WHAT YOU SHOULD DO - Skip the pictures and restate, word for word, the lines from the one containing "Laura silk blend" to the end of the data below.

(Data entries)

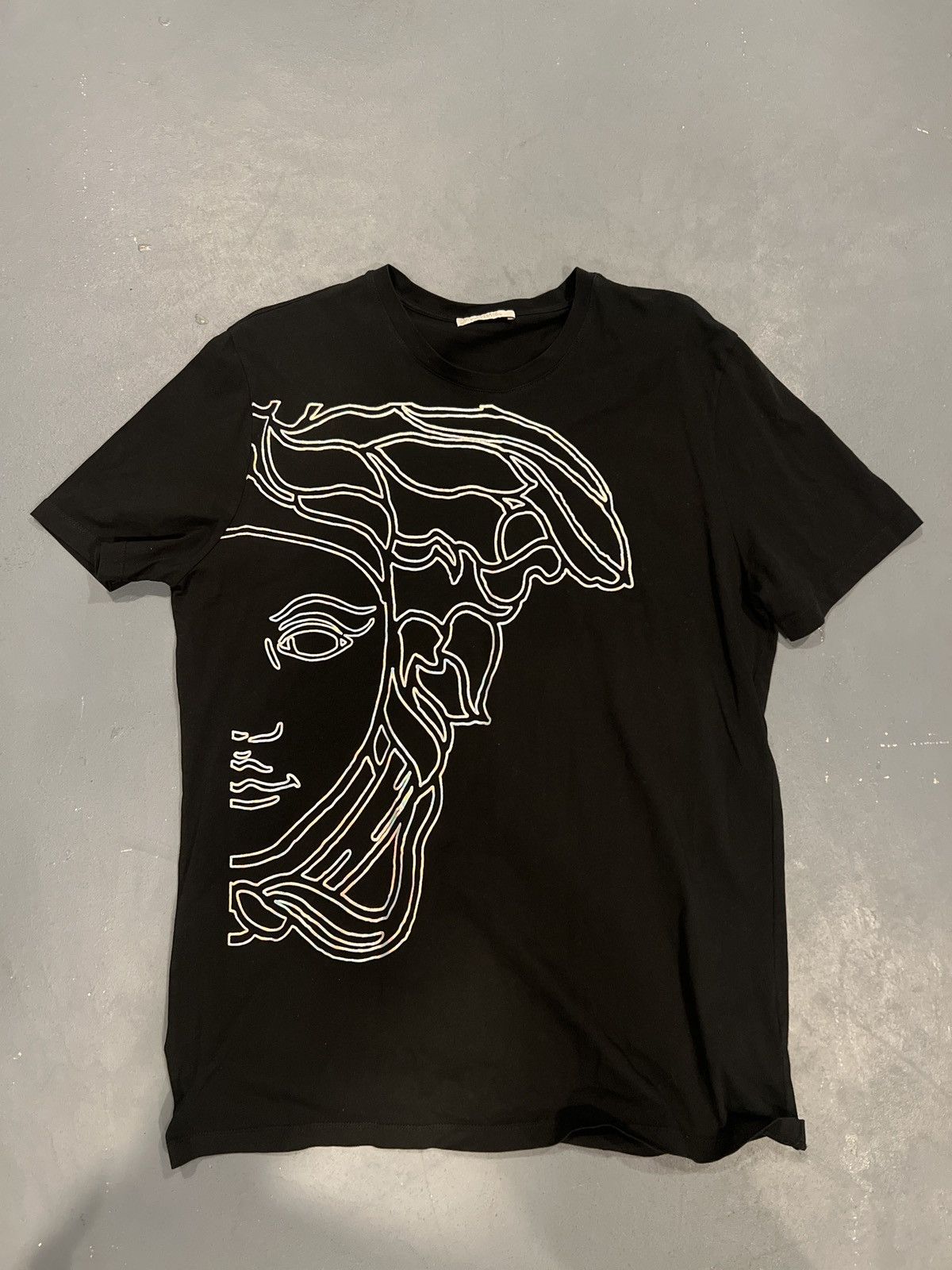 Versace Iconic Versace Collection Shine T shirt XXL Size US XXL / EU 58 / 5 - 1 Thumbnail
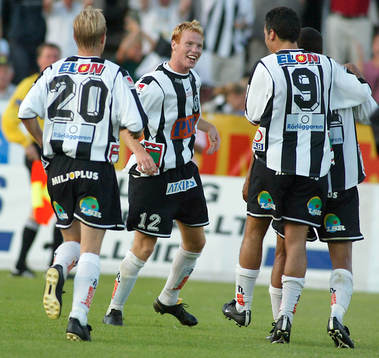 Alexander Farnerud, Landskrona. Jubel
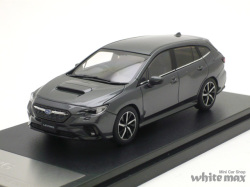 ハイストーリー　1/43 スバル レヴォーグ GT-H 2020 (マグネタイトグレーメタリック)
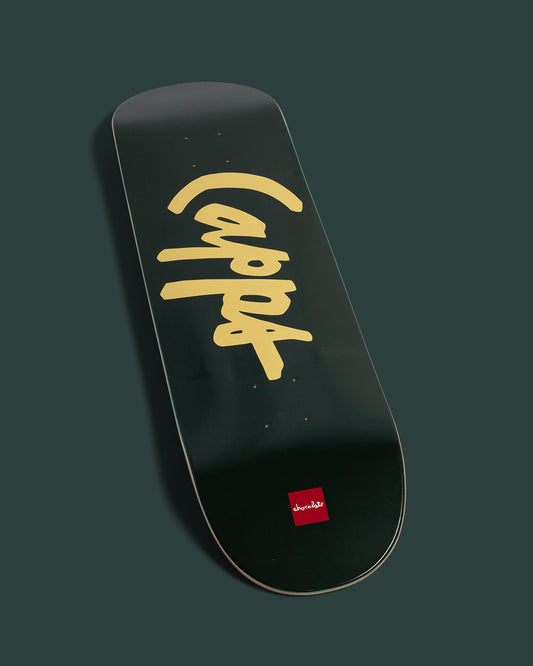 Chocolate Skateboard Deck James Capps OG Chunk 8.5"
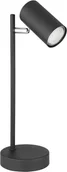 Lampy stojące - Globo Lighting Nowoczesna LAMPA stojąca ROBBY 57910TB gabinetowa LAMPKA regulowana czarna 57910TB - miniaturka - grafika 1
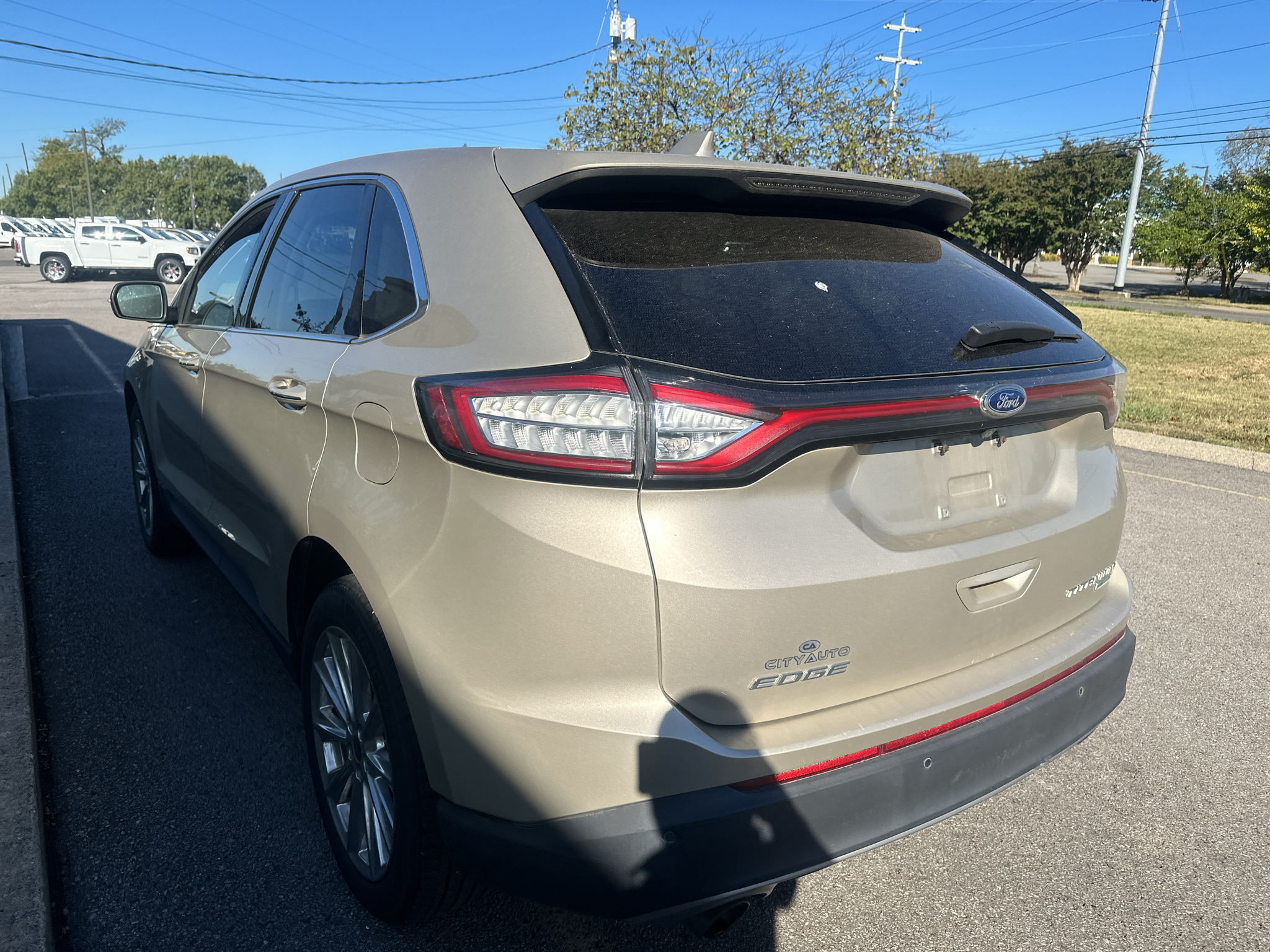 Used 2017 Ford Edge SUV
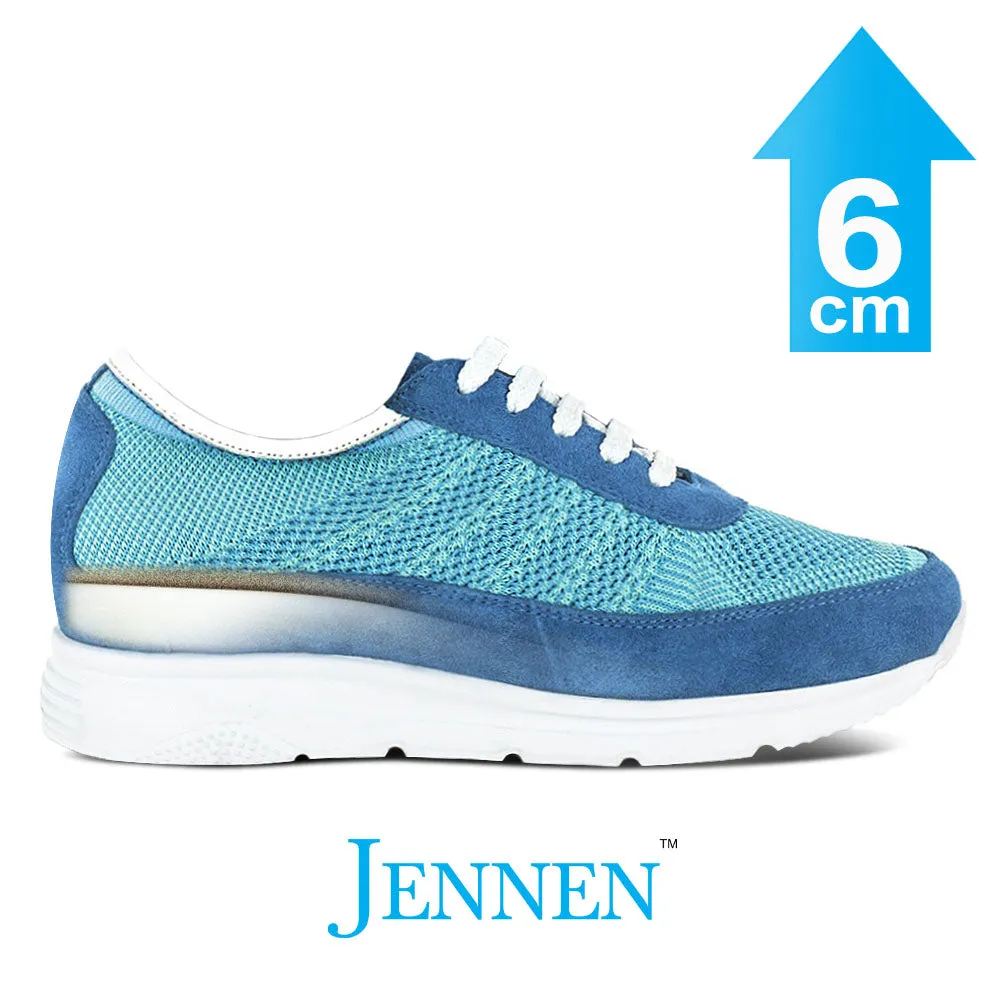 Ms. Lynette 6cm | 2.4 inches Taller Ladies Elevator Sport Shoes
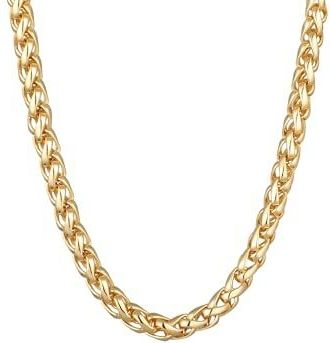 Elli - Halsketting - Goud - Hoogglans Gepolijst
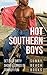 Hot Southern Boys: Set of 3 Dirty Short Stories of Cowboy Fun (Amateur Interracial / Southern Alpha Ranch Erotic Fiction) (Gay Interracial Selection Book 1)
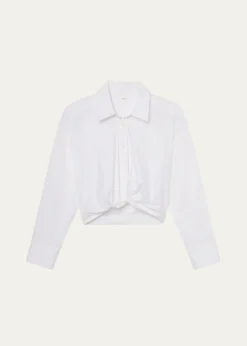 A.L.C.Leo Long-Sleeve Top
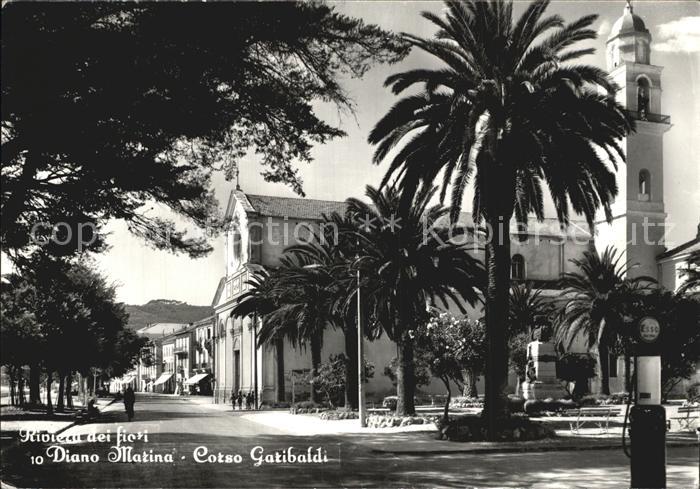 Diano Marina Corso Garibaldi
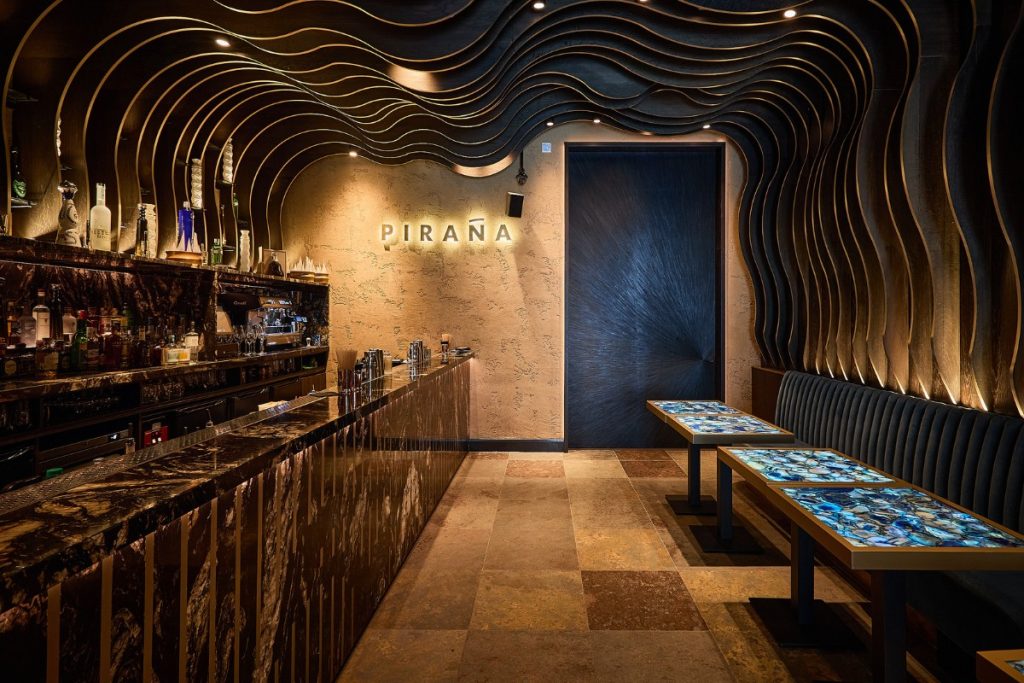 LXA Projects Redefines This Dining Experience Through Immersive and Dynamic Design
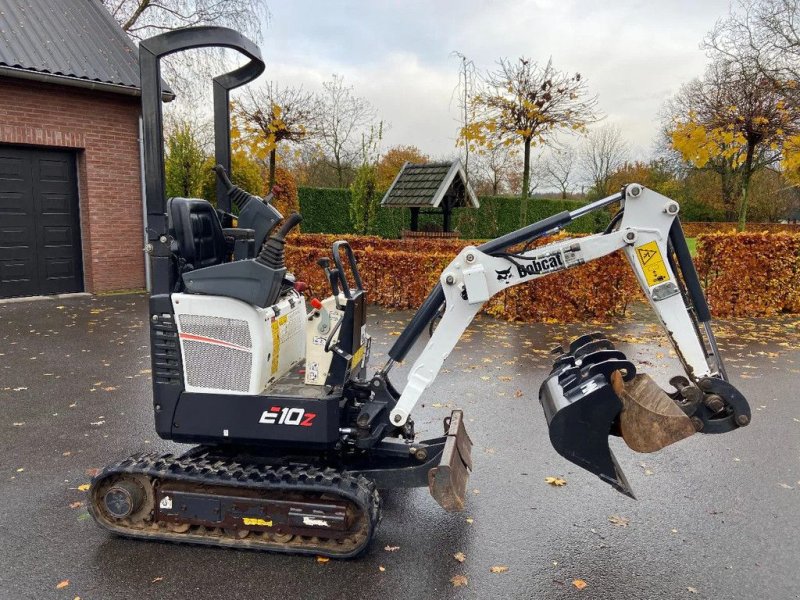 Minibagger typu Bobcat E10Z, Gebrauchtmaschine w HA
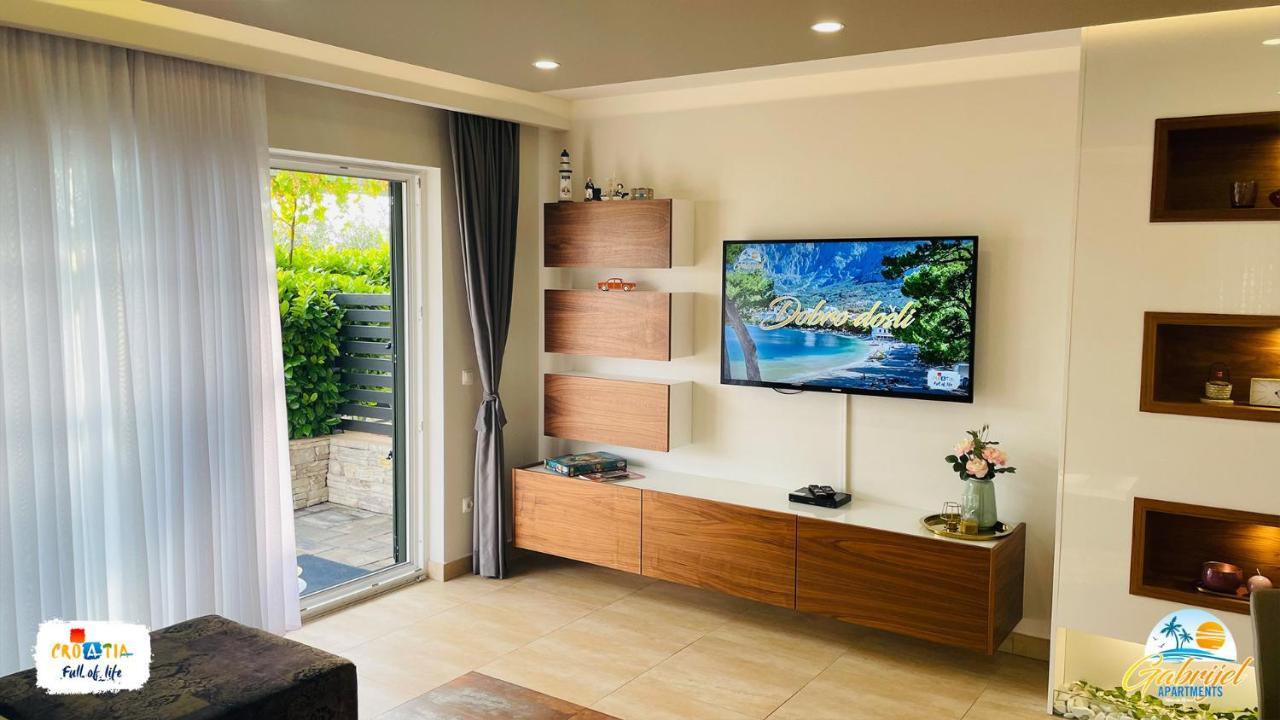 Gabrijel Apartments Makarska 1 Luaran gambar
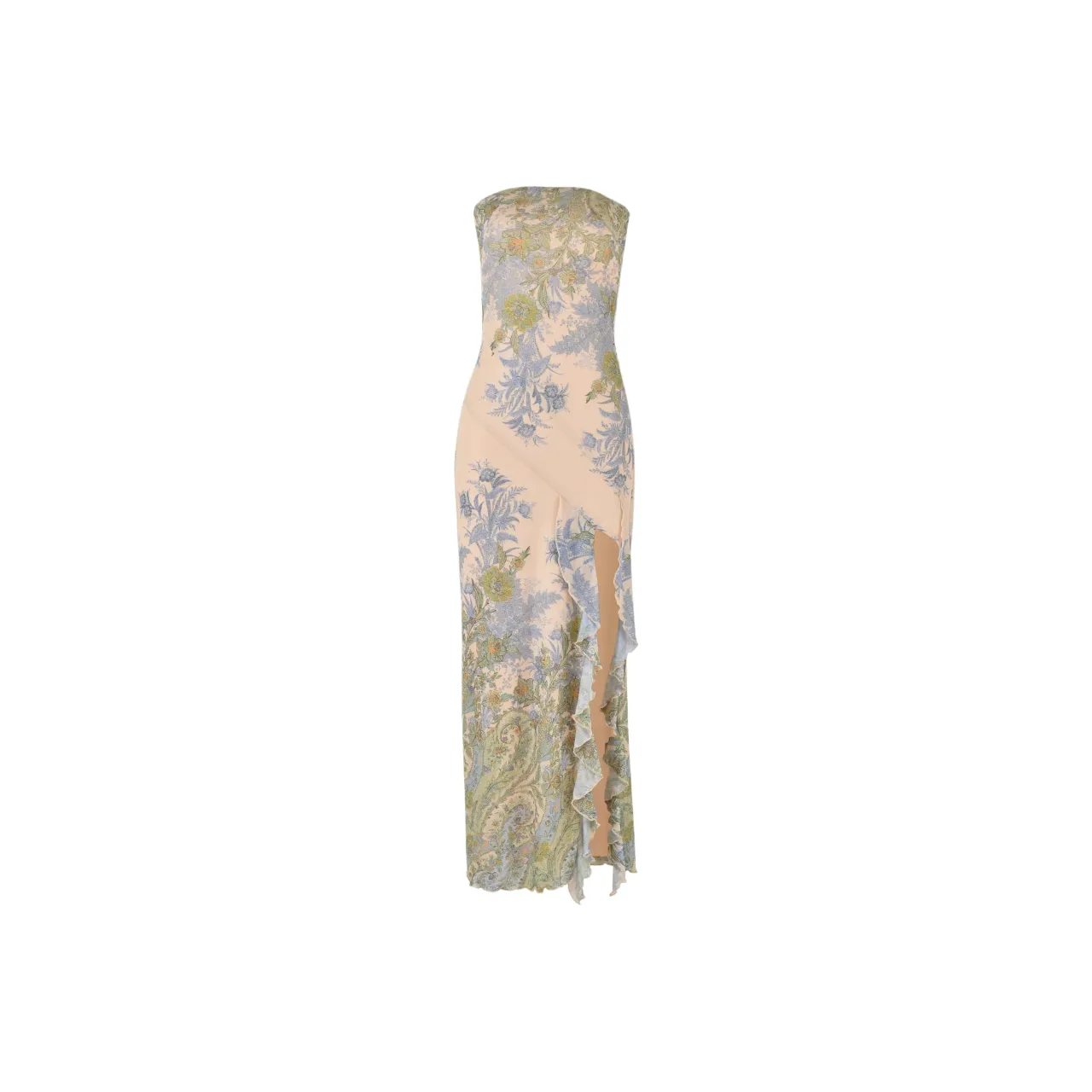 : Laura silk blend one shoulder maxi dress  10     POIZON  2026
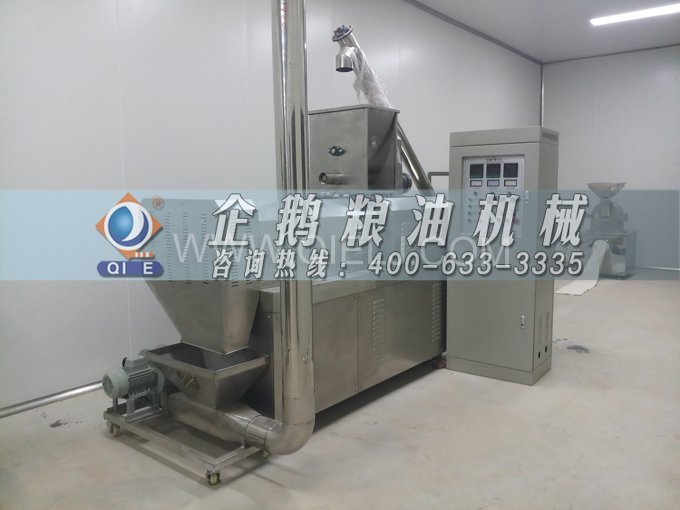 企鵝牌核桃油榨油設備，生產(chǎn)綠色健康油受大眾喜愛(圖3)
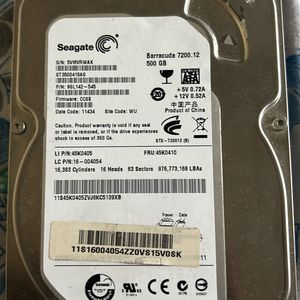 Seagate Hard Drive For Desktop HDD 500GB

YOUR RESPONSE -
 : Laura silk blend one shoulder maxi dress  10     POIZON  2026
 企鵝牌核桃油榨油設備，生產(chǎn)綠色健康油受大眾喜愛(圖3)
 Seagate Hard Drive For Desktop HDD 500GB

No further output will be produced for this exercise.